How Data Meshes Can Help Businesses Better Manage Their Data
How can businesses manage the enormous volumes of data that power their operations today? The conventional answer has been to use technologies such as data warehouses and data lakes, which provide ways to store massive amounts of data in a centralised location that any part of the business can access.
But centralised data storage platforms don't always cut it. They don't enable efficient domain-specific data operations, can hinder self-serviceability, and they can complicate the enforcement of data governance requirements.
That's why businesses are increasingly turning to data meshes. Data meshes represent a radical new take on data management—one that aims to make data more flexible while simplifying data management processes, even as data consumption and governance requirements continue to grow in complexity.
Introduced in 2018 by Zhamak Dehghani, director of emerging technologies in North America at Thoughtworks, data mesh is founded on four key principles of Domain Ownership, Data as a Product, Self-Serve Data Platform, and Federated Computational Governance. A paradigm shift that requires collective effort of many complementary roles and disciplines, data mesh can deliver huge benefits to businesses, improving data quality and access that can speed up decision-making, agility, innovation and scalability.
Keep reading for a breakdown of how a data mesh architecture works, why data meshes benefit businesses and how to determine if a data mesh is the right approach to meet your company's data management needs.
What Is A Data Mesh?
A data mesh is a data architecture in which data is organised in a domain-oriented manner. In a data mesh, each business unit or domain manages its data in its own way.
Thus, under a data mesh architecture, business departments such as sales, marketing and customer service would each get their own sets of data storage technologies, analytics tools and processing technologies. They'd also be able to apply different data governance and security rules to their data.
Primarily though, a data mesh is an architectural approach to solving the problem of data silos in large companies that also need to share and govern their data.
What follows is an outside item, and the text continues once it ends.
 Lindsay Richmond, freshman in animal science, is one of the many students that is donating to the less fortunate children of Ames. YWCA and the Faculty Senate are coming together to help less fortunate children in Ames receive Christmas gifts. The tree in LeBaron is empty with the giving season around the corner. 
Either you have big, monolithic central data stores that require huge data migration projects and lots of central maintenance to function, or you have pockets of data in a wide variety of siloes—as a result of acquisitions and data that is produced as a by-product of your applications. Most likely of course, you may have a combination of both these extremes. The data mesh design is one that looks to simplify what needs to be done to the data, while still enabling democratisation and governance. A data mesh will not dictate a data migration to a central warehouse or lake, but it will still allow you some central control of how data is accessed in its home locations.
Data Meshes vs Microservices
The data mesh concept draws explicitly on microservices software architectures. In software development, modern businesses often use microservices to break up complex applications into smaller functional pieces, which makes it easier to manage each microservice as appropriate.
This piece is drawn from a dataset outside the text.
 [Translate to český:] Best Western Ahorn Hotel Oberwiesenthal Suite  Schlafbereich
A data mesh does something similar for data. It breaks down large, monolithic data repositories into smaller, discrete pipelines that can be optimised for multiple use cases. Put another way, data meshes decentralise monolithic data architectures into domains, just as microservices do.
At a high level, data meshes and microservices are similar in the respect that they both break complex, inflexible resources into smaller pieces that are easier to adapt to varying requirements.
What Makes Data Meshes Unique?
This domain-specific approach to data management is what makes data meshes different from traditional data management strategies.
Historically, many businesses that needed to store, process and analyse large volumes of data relied on a central data platform, such as a data lake or a data warehouse, both of which offer means of storing large amounts of data. They also usually applied centralised governance policies across all of their data, and they provided a centralised set of tools that all business units were expected to use when they wanted to process or analyse data.
As a result, data architectures have traditionally been monolithic and generic. Rather than catering to the unique needs of different users within the business, conventional data architectures expected everyone to store data in the same place, and to work with data using the same tools and approaches.
The data mesh architecture upends this concept by making it possible to decentralise data storage and management. In a data mesh, every unit in the business can manage and govern data in whichever way best suits it, rather than being forced to adapt to a one-size-fits-all data management strategy.
The Business Benefits of Data Mesh
From a business perspective, data meshes offer a variety of benefits that increase the value of data while also reducing the cost and complexity of data management.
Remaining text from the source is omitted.